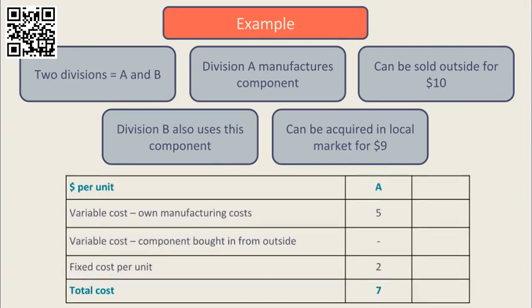Let's have a look at the costs in each division. So in Division A they have their own variable manufacturing costs of $5 plus $2 fixed cost per unit giving them a total full cost of $7.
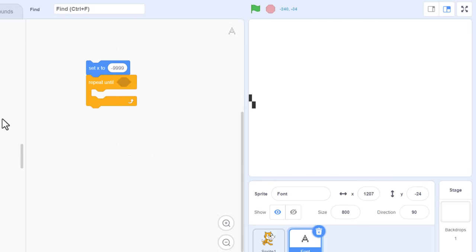Scroll over to the When Flag Clicked hat block and drop in a call to Calculate Letter Sizes. Both lists will be filled with 94 items. The figures are looking in the right ballpark. Costume 1 was not a real letter, so that's been set to blank, and we do have the full 94 costumes. Finally, it's time to begin building the actual text engine!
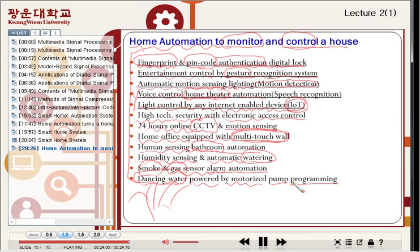These are some categories of home automation as a smart home. Let's have a break, and we'll meet in the second part of the online lecture.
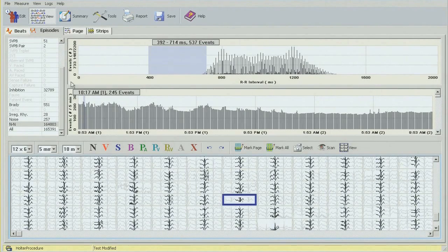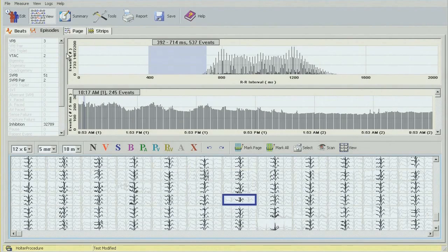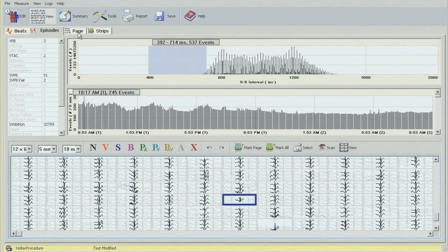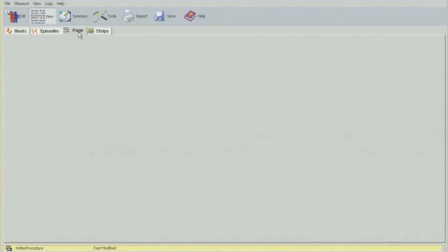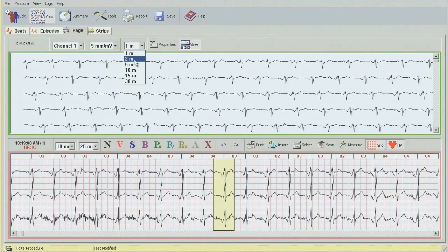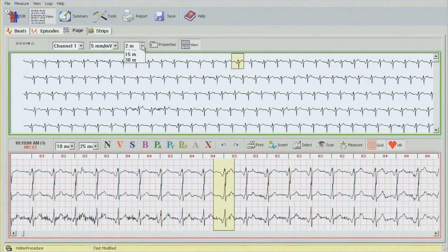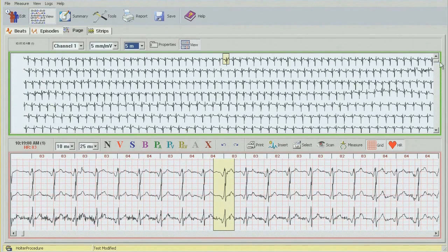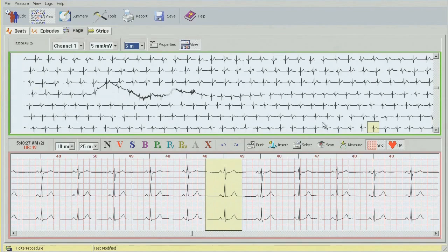At this point we're pretty much finished with our editing: three ventricular beats, two runs of VTAC, 51 supraventricular beats, two atrial couplets. If there are any diary symptoms you want to correlate with the ECG, you can do this from the page mode — changing the speed or the time interval to two or five minutes and picking the time to see what's going on in the ECG.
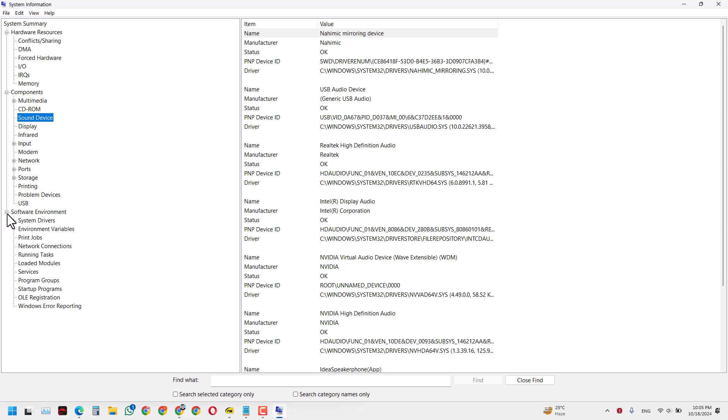You can keep exploring all the information about your computer in this System Information dialog box. That's it guys, that's the video. We'll see you in other videos soon. Thank you.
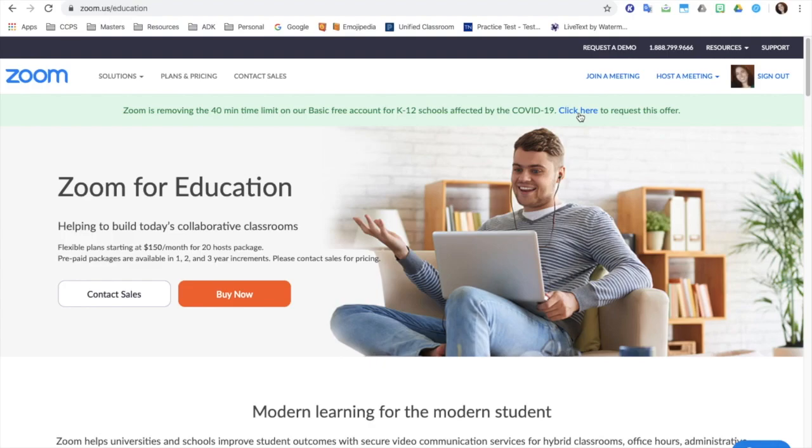So you're going to have to click here and actually fill out the form in order to get the time limit removed. So I'm going to click here.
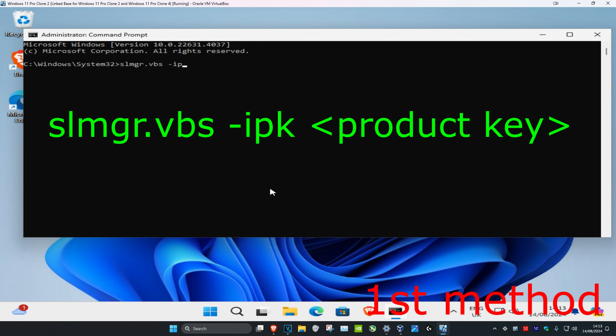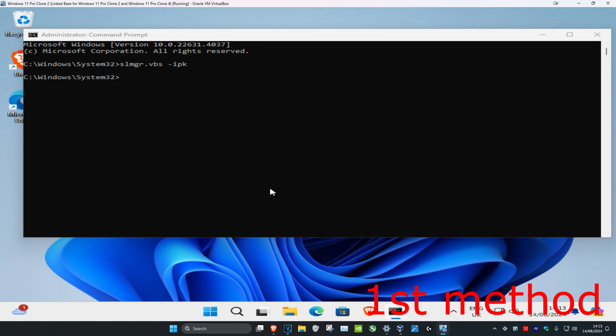dash ipk. Once you type this in, put another space and type in your product key. Once you've typed your product key, click enter.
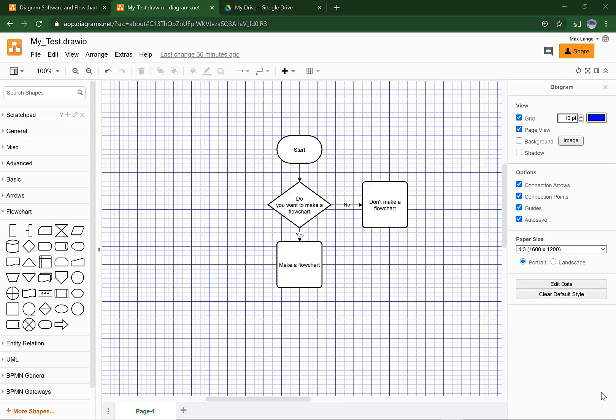Now that we have the graph, we first have to make it public. How do you make it public?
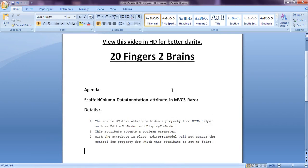Hello friends, we are going to see ScaffoldColumn data annotation attribute in MVC 3 Razor. The ScaffoldColumn attribute hides a property from HTML helpers such as EditorForModel or DisplayForModel.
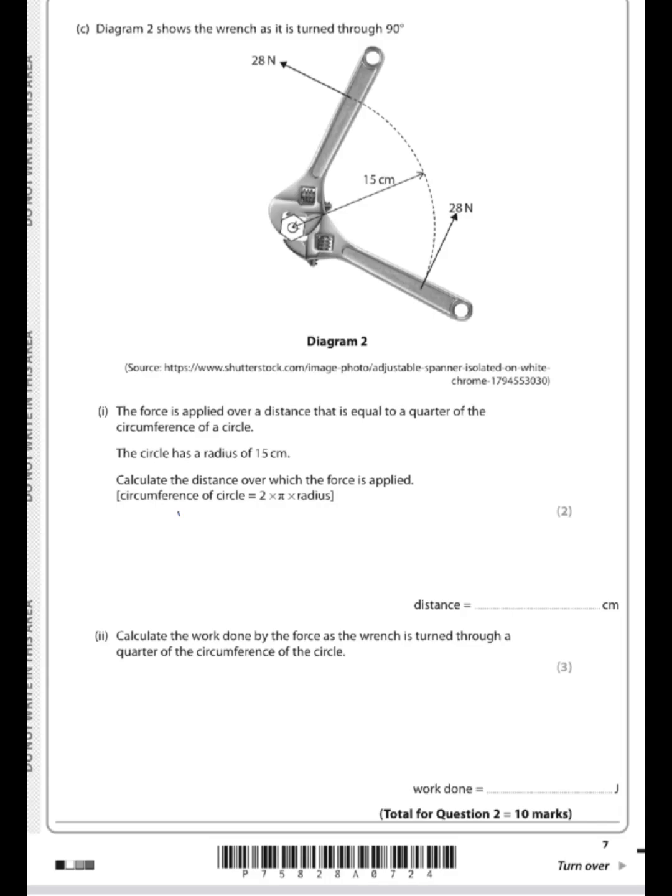Now we're shown the wrench moving through 90 degrees, and we're asked to calculate the distance that this force of 28 newtons is being applied over. The force travels along the dotted path shown. We're told the circumference of a circle is 2π times the radius, and we need to calculate the distance in centimeters, so we leave our radius in centimeters.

━━━

What is needed is a verbatim copy of the lines from the line with "dash ipk. Once" through the last line of the listing, pictures excluded.

Reply >>
dash ipk. Once you type this in, put another space and type in your product key. Once you've typed your product key, click enter.
Now that we have the graph, we first have to make it public. How do you make it public?
Hello friends, we are going to see ScaffoldColumn data annotation attribute in MVC 3 Razor. The ScaffoldColumn attribute hides a property from HTML helpers such as EditorForModel or DisplayForModel.
Now we're shown the wrench moving through 90 degrees, and we're asked to calculate the distance that this force of 28 newtons is being applied over. The force travels along the dotted path shown. We're told the circumference of a circle is 2π times the radius, and we need to calculate the distance in centimeters, so we leave our radius in centimeters.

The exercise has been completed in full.